No matter how a casting for British Hammer Film Productions – Europe’s epicenter of crude horror and gothic films between the 1950s and 1970s – ended, to be invited in the first place, as an actress, you had to be extremely beautiful with a bosomy figure to remember.
And even if those women on the screen usually became the victims of Technicolor monsters, mummies, undead, Vampires, mad scientists, sadists, creeps and other people one would not like to meet, without them and their noteworthy performances Hammer films would obviously be entirely forgotten today.

In Women of Hammer Horror hundreds of actresses are listed by author Cotter, each entry revealing their roles in a Hammer production or another horror, fantasy or sci-fi picture. This is usually backed by a brief biography and later screen appearances. More than sixty b/w pictures, poster reproductions and film stills illustrate their acting careers. (This title is not a story of Hammer films, a director’s memoir or a critical approach to the films, mind you).

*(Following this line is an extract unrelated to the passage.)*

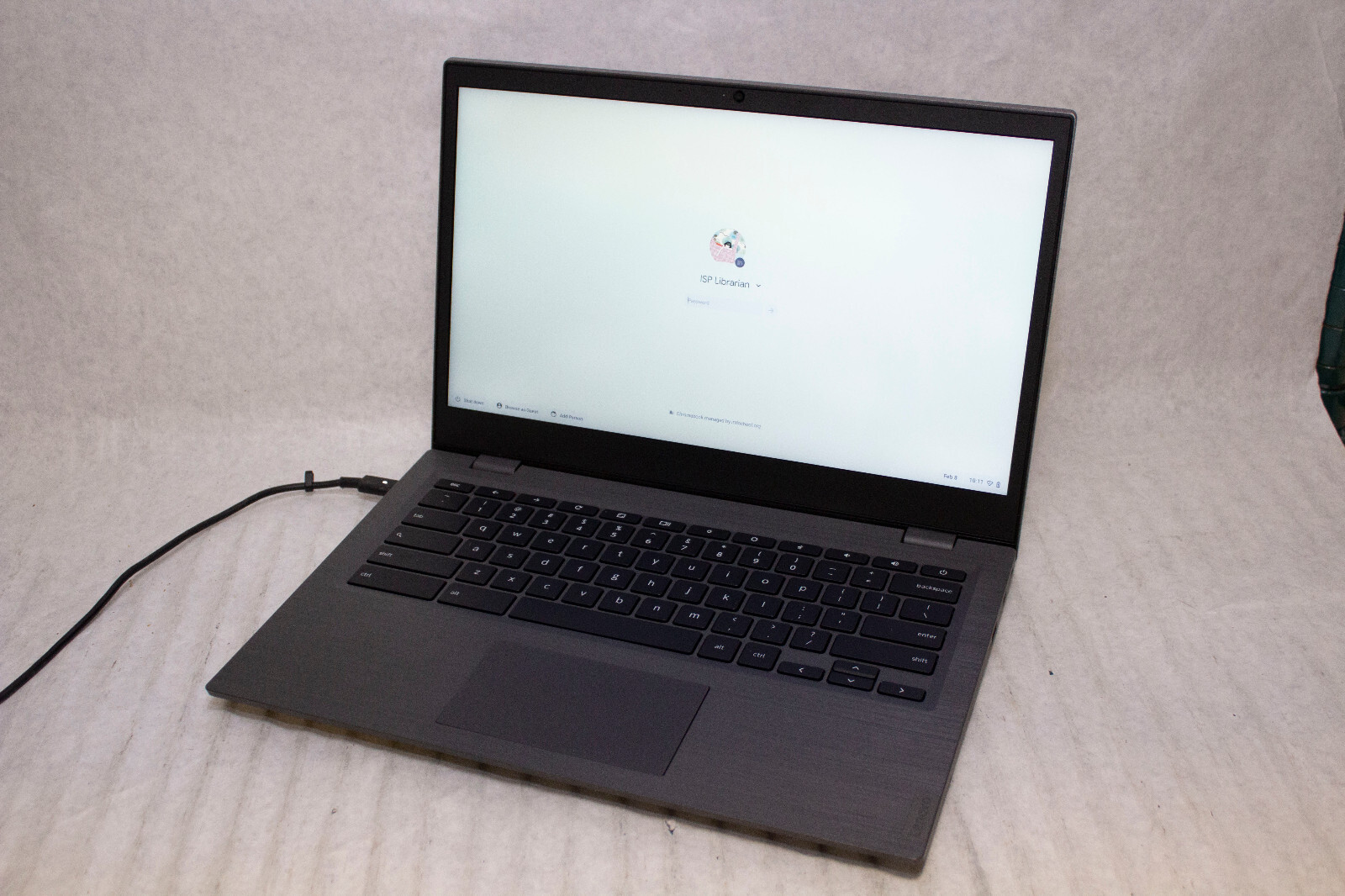 Lenovo Chromebook グレー 取扱説明書付き Lenovo 14e Chromebook Gen 3 | スマートフォン・携帯電話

As the popularity of the actresses here ranges from more or less unknown (listed as “beautiful girl” in the credits, if they were lucky) to famous movie star, some entries are but two or three sentences long. Others, enter the screen darlings and international stars, are much longer. For example, two pages are devoted to the great Veronica Carlson. Julie Ege receives one and a half page of coverage, one page for Raquel Welch, Caroline Munro and Susan Denberg each, while the contributions of others, such as Melissa Stribling, Imogen Hassall or Jenny Hanley are reported on half a page.
However, there are hundreds of entries dealing with actresses, mostly from England, the US, Germany, Austria and other European countries and probably not even the most conspicuous Hammer fans will know them all. The company, founded in 1934, has a back catalog of around 300 titles; and only one-third of that are actually horror films. Still, it is this genre that made Hammer famous.

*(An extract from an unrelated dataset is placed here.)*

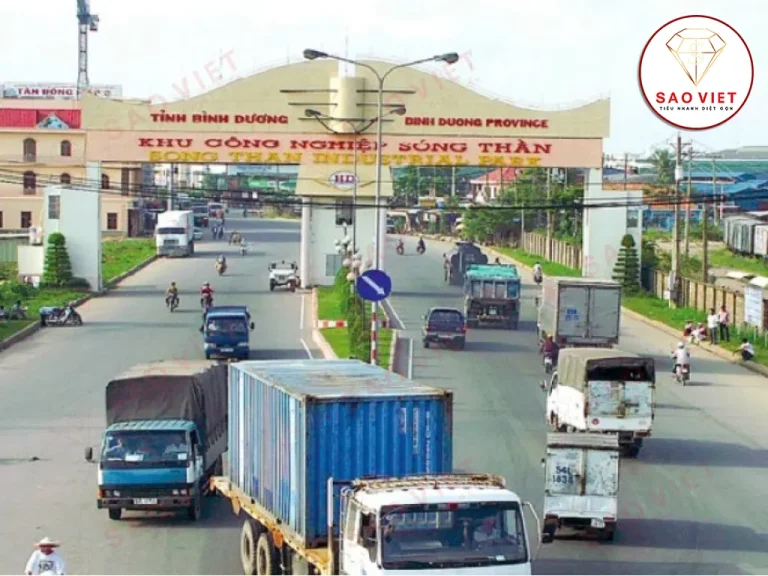 Dịch Vụ Diệt Côn Trùng Chuyên Nghiệp Cho Nhà Máy Tại KCN Sóng Thần 1, 2, 3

Cotter’s 200 pages of cinematic biography are informative, even ironic and at times won’t take the movies (basically some of the plots) too seriously; nevertheless, he always appreciates the characters and their respective scenes for which these ladies are still celebrated.
A 30 page appendix lists the Hammer horror pictures in chronological order and a brief foreword by Veronica Carlson, blonde star of several vampire films featuring Christoper Lee and Peter Cushing, opens the book. The late Robert Michael “Bobb” Cotter from Pittsburgh had a legendary reputation as an expert on B-movies and horror pictures and magazines.
Fans of horror films and scholars of British movie history will enjoy the reprint. (This is the 2021 paperback edition, the title originally was published in 2013 as a hardcover).

Review by Dr. A. Ebert © 2022

Robert Michael Cotter. The Women of Hammer Horror: A Biographical Dictionary and Filmography. McFarland, 2021, 250 p.